Cuando sacaron del bolsillo los cuatro reales y medio y cuartilla, él mismo dudó un momento de su honradez y pensó que tal vez había robado o que lo abandonaba la Providencia que había forjado en su primitiva, en su ruda conciencia. Cecilia misma dudó también, y se lo quedó mirando con una especie de lástima. Lo que impresionó a Juan de una manera horrible, fue la idea de que Cecilia lo creyese culpable. Instintivamente conocía que era su único apoyo en el mundo y que, si lo perdía, no tendría a quién acudir en lo humano. Se le llenaron los ojos de lágrimas, y limpiándose con el revés de la mano y haciendo después la señal de la cruz se volvió a Cecilia, y con un acento de verdad y de firmeza que impresionó momentáneamente al mismo San Justo, le dijo:
—Doña Cecilia, por esta Santa Cruz le juro que yo no he robado nada; el dinero que estaba en mi bolsa era mío, lo gané ayer; el licenciado me dio una peseta; el otro señor que es del palacio, otra peseta, y medio y cuartilla la cocinera de la Calle de San Bernardo, a la que llevé los quesos y la mantequilla como cada semana.
Cecilia comprendió en el acto la verdad, y volviendo de la duda que por un momento había tenido, le respondió:
—Sí, Marcos, te creo, no hay necesidad de que lo jures, eres hombre de bien; y no tienen estos señores más que ir a las casas y preguntar si es verdad lo que dices. Es una casualidad que tuvieras en la bolsa la misma cantidad.
—Buenos estábamos para andar ahora averiguando y metiéndonos en cosas ajenas por un pillastre como éste —contestó San Justo— ya mandó llamar al regidor y él determinará.
El regidor, que era nada menos que nuestro amigo el licenciado Lamparilla, llegó en efecto a pocos momentos, le contaron el caso agravándolo cuanto pudieron. Cecilia defendió al muchacho, juró, se exaltó; pero los demás testigos declararon en contra.

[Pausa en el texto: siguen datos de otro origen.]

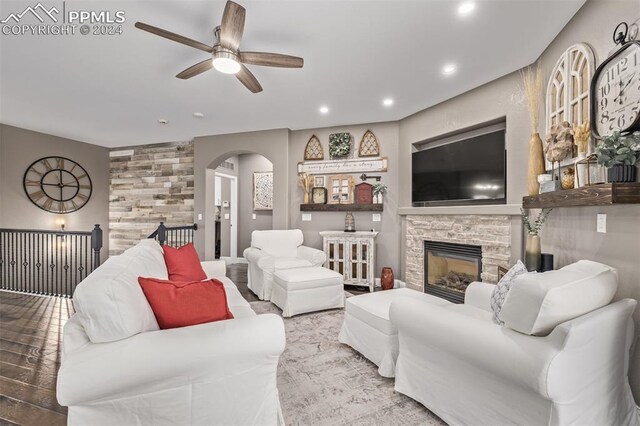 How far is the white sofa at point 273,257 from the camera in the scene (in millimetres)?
3666

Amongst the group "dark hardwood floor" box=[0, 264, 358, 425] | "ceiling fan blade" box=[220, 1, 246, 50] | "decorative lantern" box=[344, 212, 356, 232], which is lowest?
"dark hardwood floor" box=[0, 264, 358, 425]

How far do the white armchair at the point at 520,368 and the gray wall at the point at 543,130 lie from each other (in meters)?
0.43

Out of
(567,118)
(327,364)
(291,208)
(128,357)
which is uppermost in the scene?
(567,118)

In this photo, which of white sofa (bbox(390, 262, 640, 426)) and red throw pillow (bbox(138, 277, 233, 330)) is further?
red throw pillow (bbox(138, 277, 233, 330))

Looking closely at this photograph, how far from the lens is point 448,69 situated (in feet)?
9.55

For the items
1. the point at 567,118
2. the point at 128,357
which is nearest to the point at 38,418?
the point at 128,357

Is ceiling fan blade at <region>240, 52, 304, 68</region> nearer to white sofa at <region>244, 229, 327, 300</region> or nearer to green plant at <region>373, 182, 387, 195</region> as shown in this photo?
white sofa at <region>244, 229, 327, 300</region>

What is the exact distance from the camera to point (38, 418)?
1.59 metres

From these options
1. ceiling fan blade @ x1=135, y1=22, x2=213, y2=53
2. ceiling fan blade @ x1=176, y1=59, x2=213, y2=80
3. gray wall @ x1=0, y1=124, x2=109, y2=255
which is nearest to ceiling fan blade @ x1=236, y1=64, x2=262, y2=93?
ceiling fan blade @ x1=176, y1=59, x2=213, y2=80

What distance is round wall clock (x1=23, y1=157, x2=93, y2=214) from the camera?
4980 millimetres

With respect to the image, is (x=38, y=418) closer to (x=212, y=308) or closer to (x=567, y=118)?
(x=212, y=308)

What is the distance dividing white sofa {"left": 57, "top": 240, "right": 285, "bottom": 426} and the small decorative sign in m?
3.63

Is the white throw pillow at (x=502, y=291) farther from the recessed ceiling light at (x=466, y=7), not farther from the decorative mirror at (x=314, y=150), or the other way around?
the decorative mirror at (x=314, y=150)

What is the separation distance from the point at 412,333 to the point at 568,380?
0.70 meters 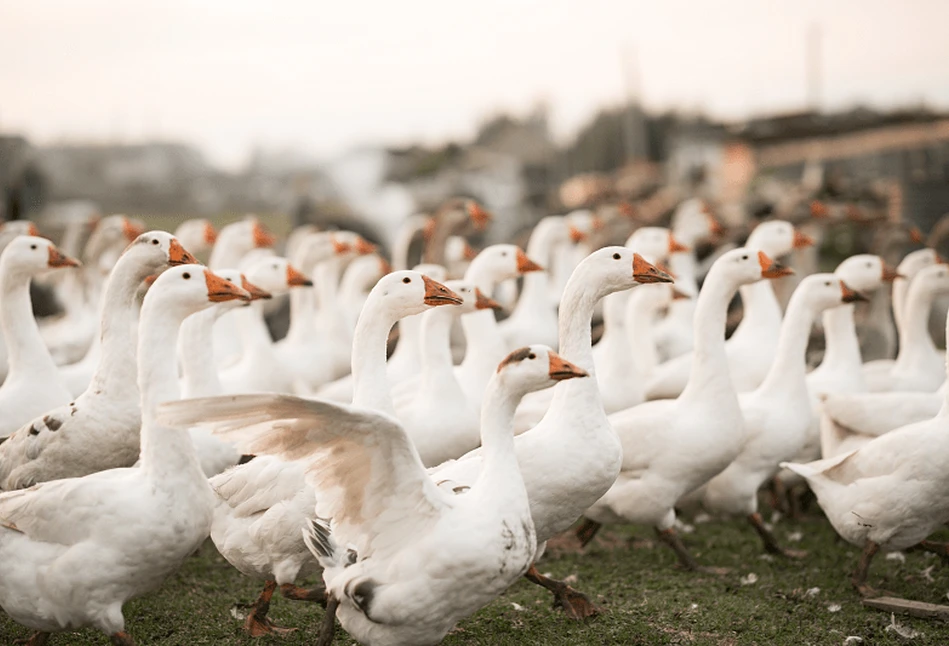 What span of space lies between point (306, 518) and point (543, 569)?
235 centimetres

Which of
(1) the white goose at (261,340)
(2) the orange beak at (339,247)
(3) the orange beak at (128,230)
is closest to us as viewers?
(1) the white goose at (261,340)

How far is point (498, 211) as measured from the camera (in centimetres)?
2897

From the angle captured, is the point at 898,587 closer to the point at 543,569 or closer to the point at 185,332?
the point at 543,569

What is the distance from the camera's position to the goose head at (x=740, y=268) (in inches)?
292

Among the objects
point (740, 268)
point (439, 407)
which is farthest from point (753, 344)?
point (439, 407)

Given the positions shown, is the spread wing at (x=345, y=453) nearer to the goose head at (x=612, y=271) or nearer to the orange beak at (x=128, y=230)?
the goose head at (x=612, y=271)

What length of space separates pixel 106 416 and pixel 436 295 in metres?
2.03

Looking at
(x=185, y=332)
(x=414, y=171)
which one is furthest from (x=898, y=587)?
(x=414, y=171)

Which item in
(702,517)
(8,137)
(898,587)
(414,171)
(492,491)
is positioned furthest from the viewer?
(414,171)

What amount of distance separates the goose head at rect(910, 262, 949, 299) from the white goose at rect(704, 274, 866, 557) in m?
1.38

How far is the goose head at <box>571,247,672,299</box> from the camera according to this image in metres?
6.25

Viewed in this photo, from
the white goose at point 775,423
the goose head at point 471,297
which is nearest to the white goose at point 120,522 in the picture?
the goose head at point 471,297

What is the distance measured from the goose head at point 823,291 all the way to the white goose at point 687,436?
29.6 inches

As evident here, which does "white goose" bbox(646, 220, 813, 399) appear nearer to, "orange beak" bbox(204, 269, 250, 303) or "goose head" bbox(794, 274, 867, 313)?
"goose head" bbox(794, 274, 867, 313) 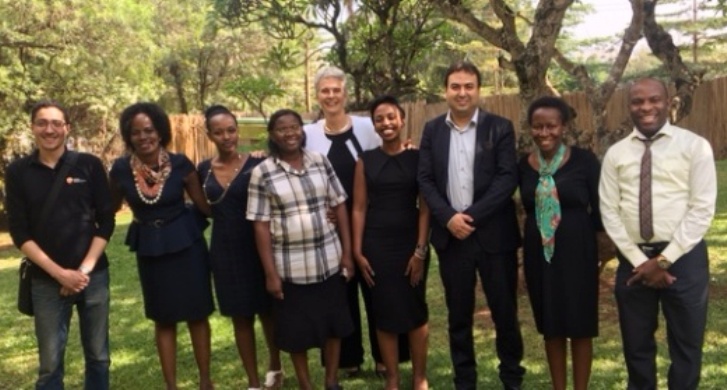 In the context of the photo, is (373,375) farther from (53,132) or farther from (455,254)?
(53,132)

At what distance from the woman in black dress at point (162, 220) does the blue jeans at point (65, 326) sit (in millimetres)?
286

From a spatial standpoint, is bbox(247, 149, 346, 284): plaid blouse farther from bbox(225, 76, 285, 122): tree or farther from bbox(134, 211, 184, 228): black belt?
bbox(225, 76, 285, 122): tree

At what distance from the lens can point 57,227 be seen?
3.81 m

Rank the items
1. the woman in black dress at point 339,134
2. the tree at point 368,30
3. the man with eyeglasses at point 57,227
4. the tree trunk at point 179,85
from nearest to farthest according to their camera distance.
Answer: the man with eyeglasses at point 57,227, the woman in black dress at point 339,134, the tree at point 368,30, the tree trunk at point 179,85

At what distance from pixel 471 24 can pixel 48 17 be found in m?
8.93

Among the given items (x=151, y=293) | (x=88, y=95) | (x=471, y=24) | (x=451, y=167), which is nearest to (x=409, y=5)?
(x=471, y=24)

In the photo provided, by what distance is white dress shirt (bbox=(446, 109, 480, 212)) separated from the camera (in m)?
4.07

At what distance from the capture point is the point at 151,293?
4.22 meters

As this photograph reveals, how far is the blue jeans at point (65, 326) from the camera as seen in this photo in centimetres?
385

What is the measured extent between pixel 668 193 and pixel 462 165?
107 centimetres

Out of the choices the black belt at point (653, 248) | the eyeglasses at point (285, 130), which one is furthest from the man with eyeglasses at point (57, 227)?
the black belt at point (653, 248)

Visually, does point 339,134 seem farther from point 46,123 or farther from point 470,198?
point 46,123

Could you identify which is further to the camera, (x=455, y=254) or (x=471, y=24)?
(x=471, y=24)

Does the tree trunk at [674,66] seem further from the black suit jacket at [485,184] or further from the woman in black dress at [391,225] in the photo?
the woman in black dress at [391,225] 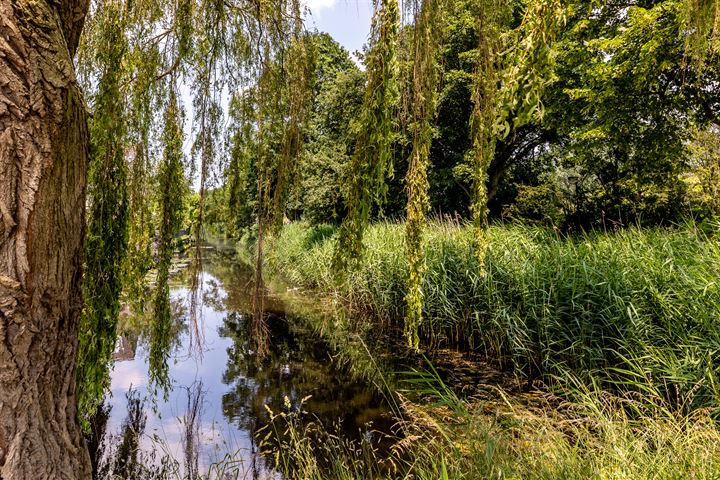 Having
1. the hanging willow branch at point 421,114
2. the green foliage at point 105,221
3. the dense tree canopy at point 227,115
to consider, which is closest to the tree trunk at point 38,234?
the dense tree canopy at point 227,115

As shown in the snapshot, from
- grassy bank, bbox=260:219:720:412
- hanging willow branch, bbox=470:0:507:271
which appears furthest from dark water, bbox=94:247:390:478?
hanging willow branch, bbox=470:0:507:271

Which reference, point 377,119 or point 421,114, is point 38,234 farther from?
point 421,114

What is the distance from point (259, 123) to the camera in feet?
7.72

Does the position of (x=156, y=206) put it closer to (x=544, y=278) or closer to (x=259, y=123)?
(x=259, y=123)

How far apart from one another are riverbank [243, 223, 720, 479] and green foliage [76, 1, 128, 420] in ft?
2.58

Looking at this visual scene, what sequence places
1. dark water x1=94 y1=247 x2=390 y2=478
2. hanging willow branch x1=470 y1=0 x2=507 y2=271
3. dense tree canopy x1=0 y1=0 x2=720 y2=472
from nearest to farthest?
1. dense tree canopy x1=0 y1=0 x2=720 y2=472
2. hanging willow branch x1=470 y1=0 x2=507 y2=271
3. dark water x1=94 y1=247 x2=390 y2=478

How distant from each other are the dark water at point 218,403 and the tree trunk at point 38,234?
0.66 meters

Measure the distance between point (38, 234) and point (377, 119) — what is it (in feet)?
3.99

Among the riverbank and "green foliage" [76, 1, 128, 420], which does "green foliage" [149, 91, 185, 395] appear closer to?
"green foliage" [76, 1, 128, 420]

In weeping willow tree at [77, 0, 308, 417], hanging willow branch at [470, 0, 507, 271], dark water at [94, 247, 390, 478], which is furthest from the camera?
dark water at [94, 247, 390, 478]

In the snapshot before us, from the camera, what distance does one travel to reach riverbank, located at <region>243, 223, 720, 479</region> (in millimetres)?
2307

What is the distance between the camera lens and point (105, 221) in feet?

—¡Eh! ¡Silencio! —dijo el licenciado Lamparilla—. Yo no permito que nadie me falte. Usted, por insolente —le dijo a Cecilia— debería ir ocho días a la cárcel, pero no quiero perjudicarla; pagará solamente cinco pesos de multa; y este bribón, además de ser un ladrón, es también malcriado y enredador. Que vaya al hospicio, y muy recomendado para que lo traten como merece.

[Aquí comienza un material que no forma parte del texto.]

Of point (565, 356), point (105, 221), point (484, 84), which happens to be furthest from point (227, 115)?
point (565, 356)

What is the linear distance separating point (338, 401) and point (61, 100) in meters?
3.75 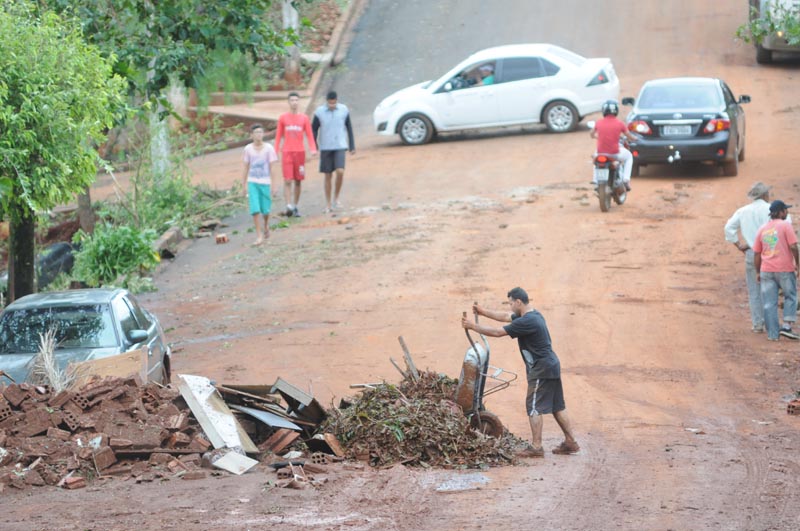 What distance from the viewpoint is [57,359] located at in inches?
411

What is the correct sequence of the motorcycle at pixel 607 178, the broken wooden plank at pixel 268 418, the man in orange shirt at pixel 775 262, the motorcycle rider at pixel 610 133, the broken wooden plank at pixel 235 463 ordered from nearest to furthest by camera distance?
the broken wooden plank at pixel 235 463 < the broken wooden plank at pixel 268 418 < the man in orange shirt at pixel 775 262 < the motorcycle at pixel 607 178 < the motorcycle rider at pixel 610 133

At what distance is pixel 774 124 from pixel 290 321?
14.2m

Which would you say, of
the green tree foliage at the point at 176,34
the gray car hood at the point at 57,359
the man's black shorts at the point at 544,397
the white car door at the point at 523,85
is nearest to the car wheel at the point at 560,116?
the white car door at the point at 523,85

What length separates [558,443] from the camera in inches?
384

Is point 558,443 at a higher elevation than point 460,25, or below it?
below

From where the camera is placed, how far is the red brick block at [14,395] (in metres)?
9.18

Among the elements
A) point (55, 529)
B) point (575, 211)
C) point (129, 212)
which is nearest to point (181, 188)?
point (129, 212)

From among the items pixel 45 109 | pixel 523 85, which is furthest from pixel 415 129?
pixel 45 109

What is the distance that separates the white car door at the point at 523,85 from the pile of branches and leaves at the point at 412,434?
641 inches

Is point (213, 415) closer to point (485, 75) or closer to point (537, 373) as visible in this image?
point (537, 373)

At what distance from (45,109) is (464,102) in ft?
49.3

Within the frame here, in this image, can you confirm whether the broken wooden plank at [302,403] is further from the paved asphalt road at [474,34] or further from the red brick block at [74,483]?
the paved asphalt road at [474,34]

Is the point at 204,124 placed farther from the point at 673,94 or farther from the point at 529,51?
the point at 673,94

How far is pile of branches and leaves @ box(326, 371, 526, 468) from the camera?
889 cm
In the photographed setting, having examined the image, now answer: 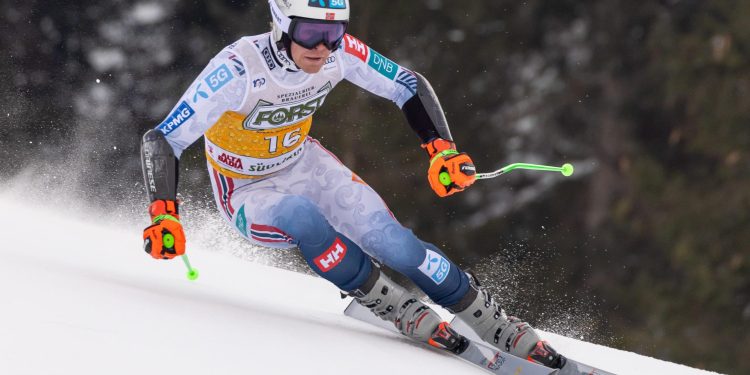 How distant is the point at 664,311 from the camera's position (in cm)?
1362

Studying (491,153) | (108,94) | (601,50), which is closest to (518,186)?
(491,153)

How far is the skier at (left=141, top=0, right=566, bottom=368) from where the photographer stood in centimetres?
346

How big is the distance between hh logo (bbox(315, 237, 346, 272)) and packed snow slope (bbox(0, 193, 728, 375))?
21cm

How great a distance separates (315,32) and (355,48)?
1.39ft

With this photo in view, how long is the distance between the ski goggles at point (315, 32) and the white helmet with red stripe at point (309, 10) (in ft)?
0.05

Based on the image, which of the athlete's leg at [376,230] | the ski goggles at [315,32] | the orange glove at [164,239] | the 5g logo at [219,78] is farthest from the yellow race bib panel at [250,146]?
the orange glove at [164,239]

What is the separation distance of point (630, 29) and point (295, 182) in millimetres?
11874

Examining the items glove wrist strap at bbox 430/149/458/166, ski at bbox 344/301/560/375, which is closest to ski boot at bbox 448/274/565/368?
ski at bbox 344/301/560/375

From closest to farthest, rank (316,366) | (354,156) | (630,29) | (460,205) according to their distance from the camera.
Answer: (316,366), (354,156), (460,205), (630,29)

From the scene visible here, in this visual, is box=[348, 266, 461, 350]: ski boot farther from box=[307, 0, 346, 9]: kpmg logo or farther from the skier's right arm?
box=[307, 0, 346, 9]: kpmg logo

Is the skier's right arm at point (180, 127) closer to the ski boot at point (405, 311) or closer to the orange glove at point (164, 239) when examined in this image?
the orange glove at point (164, 239)

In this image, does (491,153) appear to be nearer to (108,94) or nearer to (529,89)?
(529,89)

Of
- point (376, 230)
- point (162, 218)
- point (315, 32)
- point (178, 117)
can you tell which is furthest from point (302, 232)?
point (315, 32)

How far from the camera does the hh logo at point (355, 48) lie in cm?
388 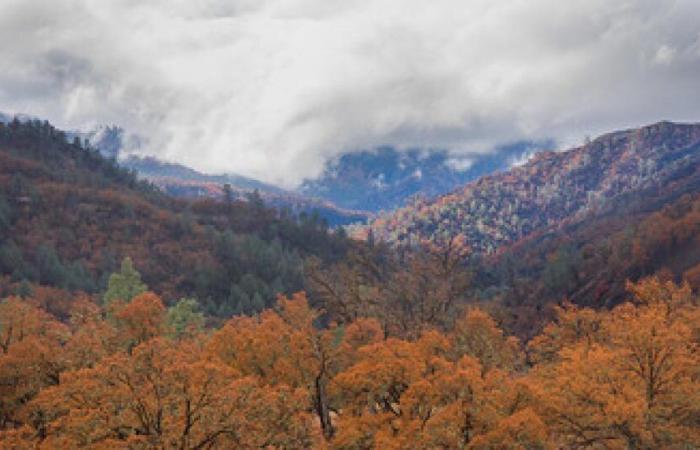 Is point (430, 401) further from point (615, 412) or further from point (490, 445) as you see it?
point (615, 412)

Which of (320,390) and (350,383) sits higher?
(350,383)

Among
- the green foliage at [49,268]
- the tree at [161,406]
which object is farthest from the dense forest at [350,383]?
the green foliage at [49,268]

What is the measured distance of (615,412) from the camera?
45.8 m

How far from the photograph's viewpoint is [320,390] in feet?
175

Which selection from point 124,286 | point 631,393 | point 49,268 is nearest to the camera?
point 631,393

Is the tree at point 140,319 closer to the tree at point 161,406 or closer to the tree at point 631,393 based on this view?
the tree at point 161,406

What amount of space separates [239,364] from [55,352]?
14.3 metres

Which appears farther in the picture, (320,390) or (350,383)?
(320,390)

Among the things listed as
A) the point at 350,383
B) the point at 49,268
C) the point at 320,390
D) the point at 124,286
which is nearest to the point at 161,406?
the point at 350,383

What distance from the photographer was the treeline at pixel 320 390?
34375 mm

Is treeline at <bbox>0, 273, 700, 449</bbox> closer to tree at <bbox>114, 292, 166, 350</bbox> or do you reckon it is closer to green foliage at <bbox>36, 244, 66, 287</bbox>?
tree at <bbox>114, 292, 166, 350</bbox>

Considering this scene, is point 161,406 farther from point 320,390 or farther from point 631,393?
point 631,393

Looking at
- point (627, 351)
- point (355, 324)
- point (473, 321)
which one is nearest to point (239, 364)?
point (355, 324)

¡Qué lejos estaba Lamparilla de pensar que acababa de sentenciar al muchacho que se robó la bruja para obtener la curación de doña Pascuala! Satisfecho con ese acto de energía, dio la vuelta para marcharse, y en voz baja dijo al administrador:
—No se olviden los quesos y las mantequillas, y mande usted alguna buena fruta del puesto de Cecilia. Ya sabe usted que en punto de las tres se come en casa.
—La plaza toda mandaría a usted por haberme quitado ese pillastre que me tenía la gente revuelta, y multado a esa Cecilia, que cada día está más sobre sí, quizá porque tiene perlas y corales en el cuello.
—Hombre, tenga usted mundo —le dijo Lamparilla— todos tenemos nuestros defectos. Sobrellévela usted, dispénsele la multa de mi orden, con tal que nos mande la mejor fruta. Si algo se ofrece, a las dos de la tarde saldré del cabildo. Tenemos asunto grave hoy: se quiere quitar esta plaza de aquí y trasladarla al puente de la Leña. Esto se convertirá en un salón de cristal para bailes y conciertos. Es negocio que puede producir. Ya haremos que en el nuevo mercado sea usted administrador, porque al propietario se le ha subido el reumatismo al corazón, es un endo-pericarditis; usted no entiende de eso, pero es igual, ruéguele usted a Dios que se acabe de morir, que al fin todos somos mortales.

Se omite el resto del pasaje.